[Crawled caption data]
################

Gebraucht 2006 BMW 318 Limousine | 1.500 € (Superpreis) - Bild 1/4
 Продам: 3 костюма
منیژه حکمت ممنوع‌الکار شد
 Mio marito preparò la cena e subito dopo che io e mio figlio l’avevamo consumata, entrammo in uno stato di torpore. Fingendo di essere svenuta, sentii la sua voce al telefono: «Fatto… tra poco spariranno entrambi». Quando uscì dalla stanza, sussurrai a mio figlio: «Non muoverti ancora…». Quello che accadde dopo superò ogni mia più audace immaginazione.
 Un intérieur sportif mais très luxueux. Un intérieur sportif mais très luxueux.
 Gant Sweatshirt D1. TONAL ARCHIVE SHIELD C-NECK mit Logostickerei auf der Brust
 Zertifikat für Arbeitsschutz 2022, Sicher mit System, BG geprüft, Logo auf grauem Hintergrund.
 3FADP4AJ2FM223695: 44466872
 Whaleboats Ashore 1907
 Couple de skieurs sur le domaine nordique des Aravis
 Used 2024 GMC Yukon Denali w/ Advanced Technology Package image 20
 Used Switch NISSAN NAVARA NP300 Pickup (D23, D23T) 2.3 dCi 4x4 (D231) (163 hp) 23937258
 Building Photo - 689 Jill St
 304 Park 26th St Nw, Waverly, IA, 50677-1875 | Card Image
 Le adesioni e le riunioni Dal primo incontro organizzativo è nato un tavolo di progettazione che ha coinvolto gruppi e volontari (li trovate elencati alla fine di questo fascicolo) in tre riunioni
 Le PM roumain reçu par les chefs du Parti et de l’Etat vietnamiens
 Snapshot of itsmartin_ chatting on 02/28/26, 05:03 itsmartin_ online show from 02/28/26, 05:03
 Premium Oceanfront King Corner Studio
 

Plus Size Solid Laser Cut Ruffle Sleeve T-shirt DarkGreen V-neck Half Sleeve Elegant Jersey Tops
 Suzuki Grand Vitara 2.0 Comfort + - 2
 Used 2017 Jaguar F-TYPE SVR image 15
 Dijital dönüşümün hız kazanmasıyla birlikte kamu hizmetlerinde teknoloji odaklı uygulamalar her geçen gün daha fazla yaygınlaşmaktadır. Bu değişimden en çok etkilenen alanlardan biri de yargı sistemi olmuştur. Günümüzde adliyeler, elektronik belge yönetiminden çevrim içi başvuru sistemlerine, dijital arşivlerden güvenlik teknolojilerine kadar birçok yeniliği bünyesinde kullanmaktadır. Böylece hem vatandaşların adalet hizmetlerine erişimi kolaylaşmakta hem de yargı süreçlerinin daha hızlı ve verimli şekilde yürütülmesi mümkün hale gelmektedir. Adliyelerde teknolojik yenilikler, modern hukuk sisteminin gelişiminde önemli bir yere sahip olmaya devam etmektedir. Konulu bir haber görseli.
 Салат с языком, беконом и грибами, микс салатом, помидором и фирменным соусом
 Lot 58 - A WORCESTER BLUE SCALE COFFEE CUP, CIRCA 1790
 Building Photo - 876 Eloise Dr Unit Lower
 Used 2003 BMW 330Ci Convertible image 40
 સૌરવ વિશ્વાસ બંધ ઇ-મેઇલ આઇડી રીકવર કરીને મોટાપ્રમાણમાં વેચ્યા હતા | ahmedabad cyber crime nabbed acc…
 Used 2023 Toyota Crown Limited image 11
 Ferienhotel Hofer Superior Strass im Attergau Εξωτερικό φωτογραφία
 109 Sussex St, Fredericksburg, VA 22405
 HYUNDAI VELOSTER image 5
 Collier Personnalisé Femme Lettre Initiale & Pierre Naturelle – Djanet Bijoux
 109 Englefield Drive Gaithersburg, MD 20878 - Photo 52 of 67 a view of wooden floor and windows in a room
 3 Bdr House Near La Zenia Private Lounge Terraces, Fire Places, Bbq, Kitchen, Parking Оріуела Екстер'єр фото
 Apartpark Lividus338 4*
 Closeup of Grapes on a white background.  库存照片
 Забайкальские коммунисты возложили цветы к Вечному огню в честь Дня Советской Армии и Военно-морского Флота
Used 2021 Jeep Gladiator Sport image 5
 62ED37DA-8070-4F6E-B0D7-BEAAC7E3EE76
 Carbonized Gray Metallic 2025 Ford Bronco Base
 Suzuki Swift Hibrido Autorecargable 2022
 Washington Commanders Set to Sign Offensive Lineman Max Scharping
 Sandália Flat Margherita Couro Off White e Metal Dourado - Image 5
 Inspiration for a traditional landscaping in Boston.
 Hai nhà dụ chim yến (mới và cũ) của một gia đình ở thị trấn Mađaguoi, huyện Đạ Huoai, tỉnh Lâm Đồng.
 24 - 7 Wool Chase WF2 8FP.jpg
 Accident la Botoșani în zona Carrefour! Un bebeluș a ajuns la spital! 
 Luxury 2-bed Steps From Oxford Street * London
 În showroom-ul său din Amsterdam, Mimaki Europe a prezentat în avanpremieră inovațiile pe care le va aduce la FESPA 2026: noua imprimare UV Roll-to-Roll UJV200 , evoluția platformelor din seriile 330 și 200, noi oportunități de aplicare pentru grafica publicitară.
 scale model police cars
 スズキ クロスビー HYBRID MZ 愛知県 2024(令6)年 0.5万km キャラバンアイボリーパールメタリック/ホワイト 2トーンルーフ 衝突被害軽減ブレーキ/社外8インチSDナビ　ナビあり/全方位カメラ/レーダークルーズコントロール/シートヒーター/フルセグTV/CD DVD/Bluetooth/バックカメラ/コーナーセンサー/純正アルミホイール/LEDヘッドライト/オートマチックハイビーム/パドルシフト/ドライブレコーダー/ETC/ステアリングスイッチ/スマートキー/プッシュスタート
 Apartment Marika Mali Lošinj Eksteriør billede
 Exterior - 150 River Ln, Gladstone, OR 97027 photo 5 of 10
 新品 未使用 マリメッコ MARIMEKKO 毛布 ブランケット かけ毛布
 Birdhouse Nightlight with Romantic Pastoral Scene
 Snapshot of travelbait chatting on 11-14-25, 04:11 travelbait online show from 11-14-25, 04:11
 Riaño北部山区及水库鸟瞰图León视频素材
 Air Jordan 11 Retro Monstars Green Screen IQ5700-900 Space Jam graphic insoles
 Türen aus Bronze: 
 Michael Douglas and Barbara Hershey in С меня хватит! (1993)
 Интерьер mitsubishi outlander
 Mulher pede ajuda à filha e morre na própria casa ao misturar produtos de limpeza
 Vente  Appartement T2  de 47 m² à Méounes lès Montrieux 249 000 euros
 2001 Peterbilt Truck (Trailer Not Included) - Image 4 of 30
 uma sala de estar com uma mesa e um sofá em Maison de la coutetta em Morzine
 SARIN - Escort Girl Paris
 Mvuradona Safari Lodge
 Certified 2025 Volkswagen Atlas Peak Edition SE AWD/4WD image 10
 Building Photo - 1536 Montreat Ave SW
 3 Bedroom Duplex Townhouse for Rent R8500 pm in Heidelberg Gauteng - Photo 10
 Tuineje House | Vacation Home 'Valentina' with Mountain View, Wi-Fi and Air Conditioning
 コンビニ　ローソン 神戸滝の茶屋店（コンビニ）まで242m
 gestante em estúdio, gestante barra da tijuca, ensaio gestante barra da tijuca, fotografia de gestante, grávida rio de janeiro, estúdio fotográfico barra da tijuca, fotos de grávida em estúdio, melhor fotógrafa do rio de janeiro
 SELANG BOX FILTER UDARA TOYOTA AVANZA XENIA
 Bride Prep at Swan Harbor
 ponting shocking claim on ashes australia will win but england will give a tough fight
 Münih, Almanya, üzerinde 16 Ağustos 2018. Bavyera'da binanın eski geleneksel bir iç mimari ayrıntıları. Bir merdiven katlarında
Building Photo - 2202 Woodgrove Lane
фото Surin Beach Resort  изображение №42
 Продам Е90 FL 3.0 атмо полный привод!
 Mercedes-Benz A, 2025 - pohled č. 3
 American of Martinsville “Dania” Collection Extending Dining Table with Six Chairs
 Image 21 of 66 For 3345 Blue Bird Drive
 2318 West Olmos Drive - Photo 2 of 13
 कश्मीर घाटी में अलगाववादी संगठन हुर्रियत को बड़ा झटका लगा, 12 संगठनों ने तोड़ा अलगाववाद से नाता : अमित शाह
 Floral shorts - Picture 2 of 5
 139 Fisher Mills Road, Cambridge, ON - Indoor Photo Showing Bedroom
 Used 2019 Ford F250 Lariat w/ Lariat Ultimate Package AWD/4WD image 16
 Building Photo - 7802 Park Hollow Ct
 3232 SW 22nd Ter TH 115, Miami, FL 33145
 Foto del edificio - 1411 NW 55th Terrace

################

### Exercise details
Every line in the data that includes the word "Used" should be counted, and only the resulting number given.

### Solution
7